Here we use the same input input_data which we used in section 3.3. And the compile_result is the one that generated with only Mobilenet V2 model.

As mentioned above, we do not provide any postprocess. In reality, you may want to have your own postprocess function in Python, too.

For nef file with mutiple models, we can specify the model with model ID:

hw_results_2 = ktc.kneron_inference(input_data, nef_file=batch_compile_result, input_names=["images"], model_id=32769, platform=720)

After getting the hw_results and post-process it, you may want to compare the result with the fixed_results which is generated in section 4.2 to see if the results match. If the results mismatch, please contact us direcly through forum https://www.kneron.com/forum/.
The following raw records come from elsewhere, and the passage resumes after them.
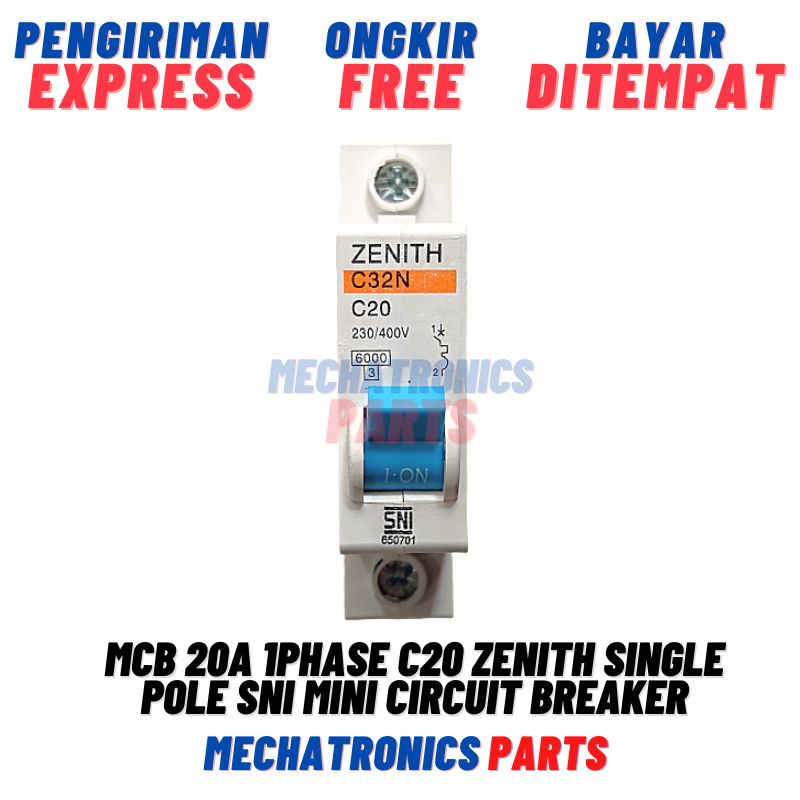 MCB 1PHASE C16 16A C20 20A ZENITH SINGLE POLE SNI MINI CIRCUIT BREAKER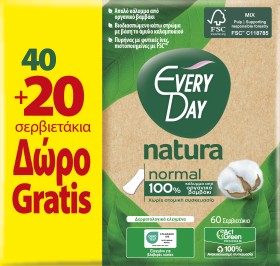 EveryDay Natura Normal All Cotton 60τμχ. (40+20τμχ. ΔΩΡΟ) – Σερβιετάκια Κανονικού Μεγέθους Καθημερινής Προστασίας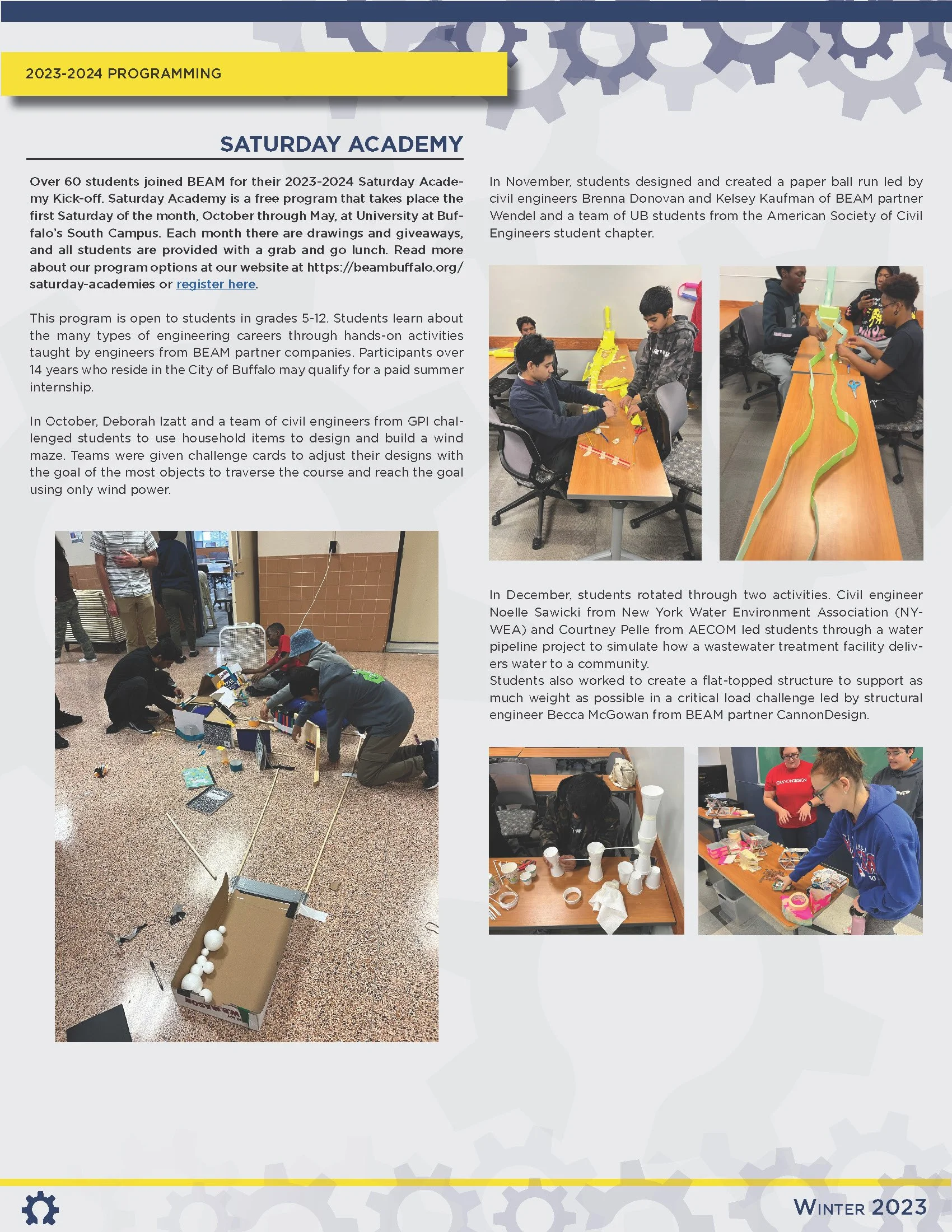 A flyer about 2023-2024 Saturday Academy programs with images of students engaging in engineering activities, including building structures and working on projects.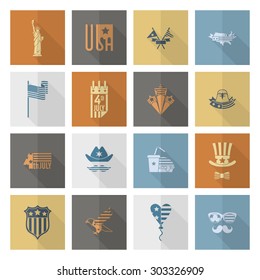 4th of July, Independence Day of the United States, Simple Flat Icons. Vector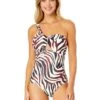 Women's Tiger Dance Asymmetrical One Piece Swimsuit(Womens Tiger Dance Asymmetrical One Piece Swimsuit) 2 Women's Tiger Dance Asymmetrical One Piece Swimsuit(Womens Tiger Dance Asymmetrical One Piece Swimsuit) -ANNE COLE Shop 25MO09393 MULT 1672 FRONT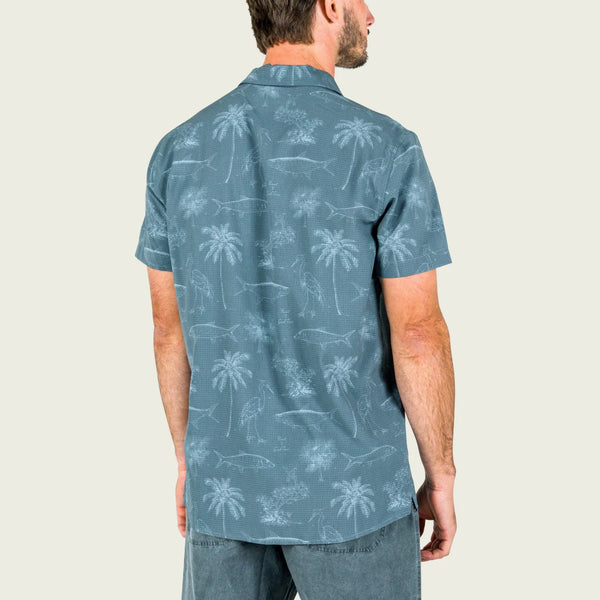 BreezeWeave Shortsleeve Button Up - Goblin Blue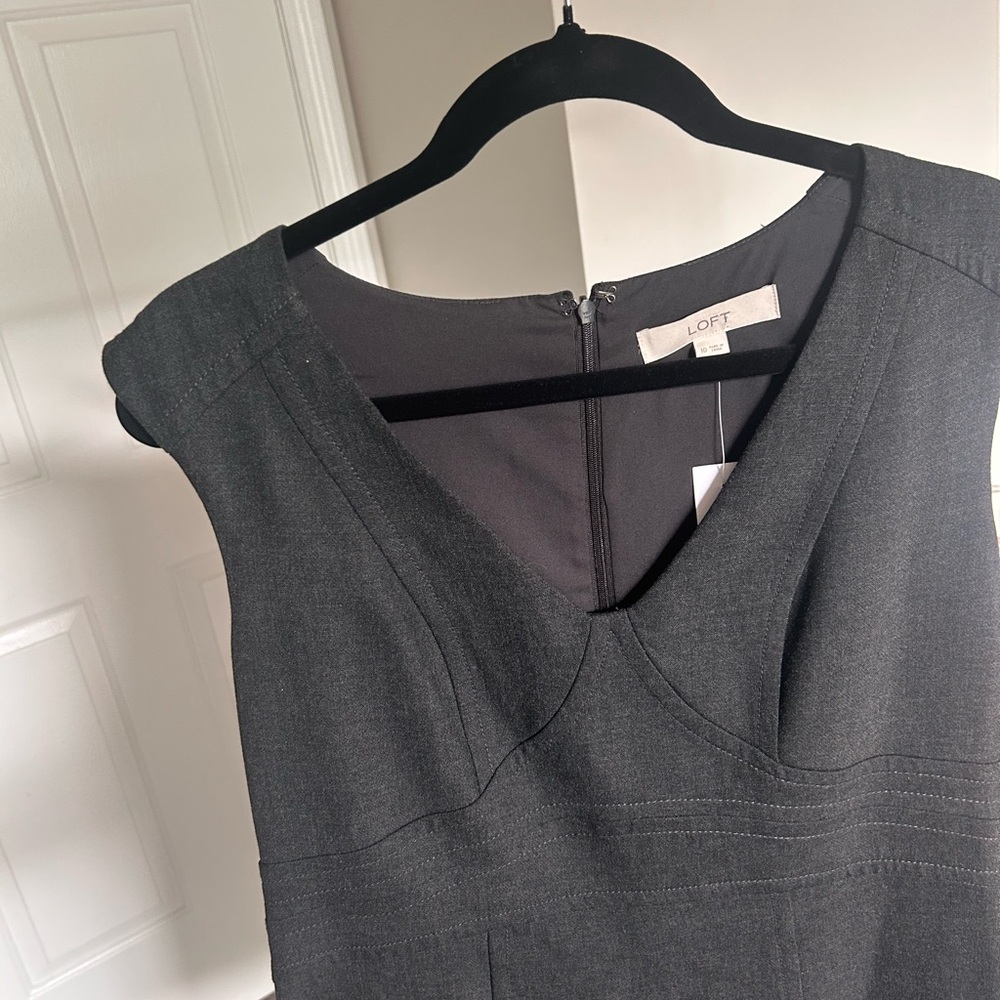 LOFT Gray Sleeveless Sheath Dress with V-Neck - Picture 2 of 7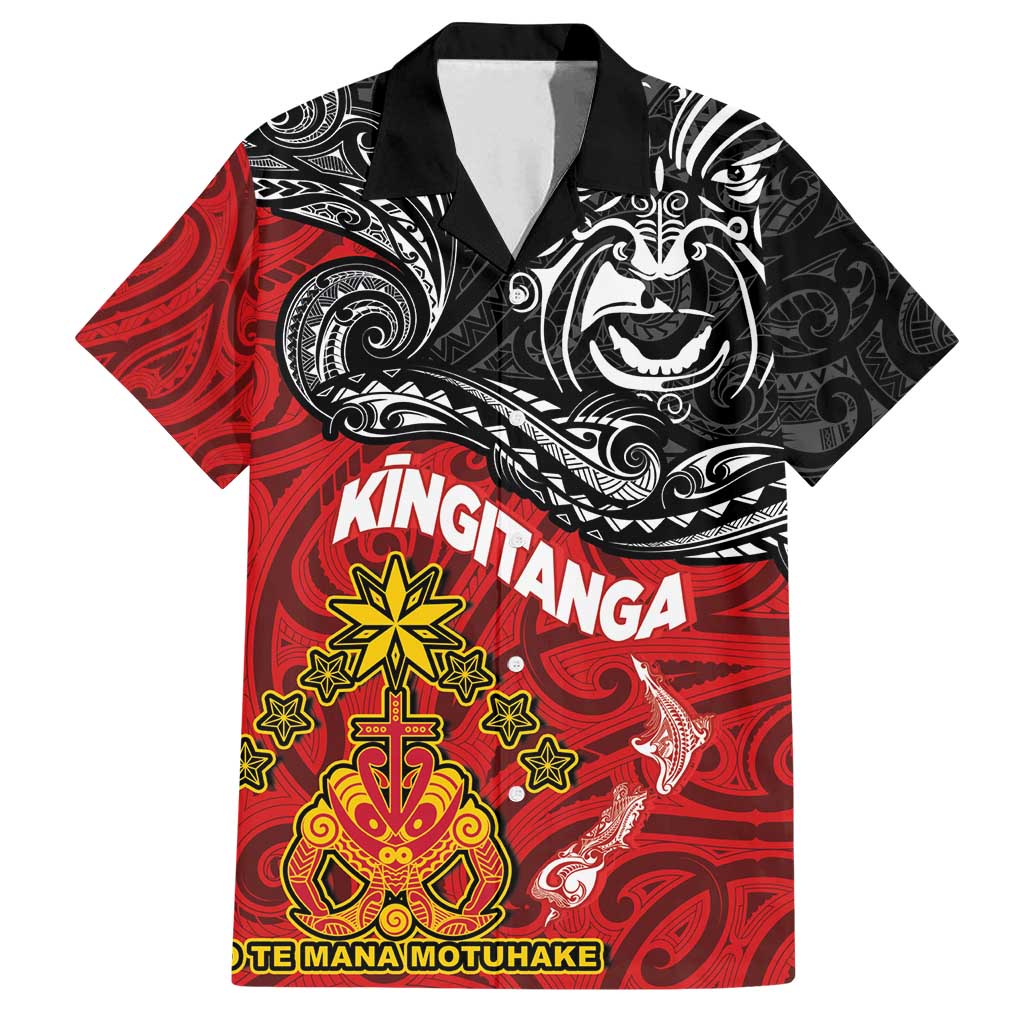 Maori King Movement Family Matching Puletasi and Hawaiian Shirt Ko Te Mana Motuhake Emblem with Moko and Polynesian Art Tattoo LT03 Dad's Shirt - Short Sleeve Red - Polynesian Pride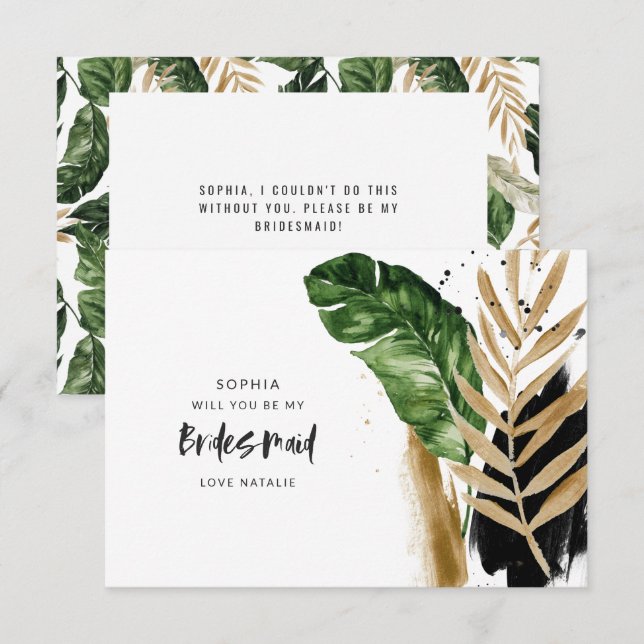 Modern tropical abstract painted Bridesmaid RSVP Card (Front/Back)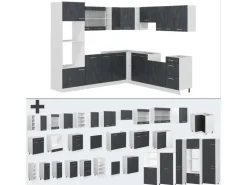 Winkelküchen|Einbauküchen<Vicco R-Line Einbauküche in L-Form Schwarz Beton/Weiß 237 x 247 cm ohne Arbeitsplatte ohne E-Geräte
5.3. NEF Combine (Optional)

This section is not part of the normal workflow. But it would be very useful when you already have multiple nef files, some of which might from different versions of the toolchain, and you want to combine them into one. Here we provide a python API to achieve it.

ktc.combine_nef(nef_path_list, output_path = "/data1/combined")

Below is the API. The return value is the output folder path.

Args:

nef_list (List[str]): a list of nef file paths to combine.
output_path (str, optional): output folder name. Defaults to /data1/combined. The nef path would be /data1/combined/models_.nef.

Here is an usage example. Suppose you have three 520 nef files: /data1/model_32769.nef, /data1/model_32770.nef and /data1/model_32771.nef. Then you can use the following code to combine them. The result is "/data1/combined/models_520.nef"

#[Note] The nef files in this example is not really provided.
ktc.combine_nef(['/data1/model_32769.nef', '/data1/model_32770.nef', '/data1/model_32771.nef'], output_path = "/data1/combined")

Please note that nef files for 720 hardware generated using the default configuration after toolchain v0.20.0 cannot be combined with the nef files generated previously. This is caused by the default setting for flatbuffer has been changed from False to True for the 720 hardware.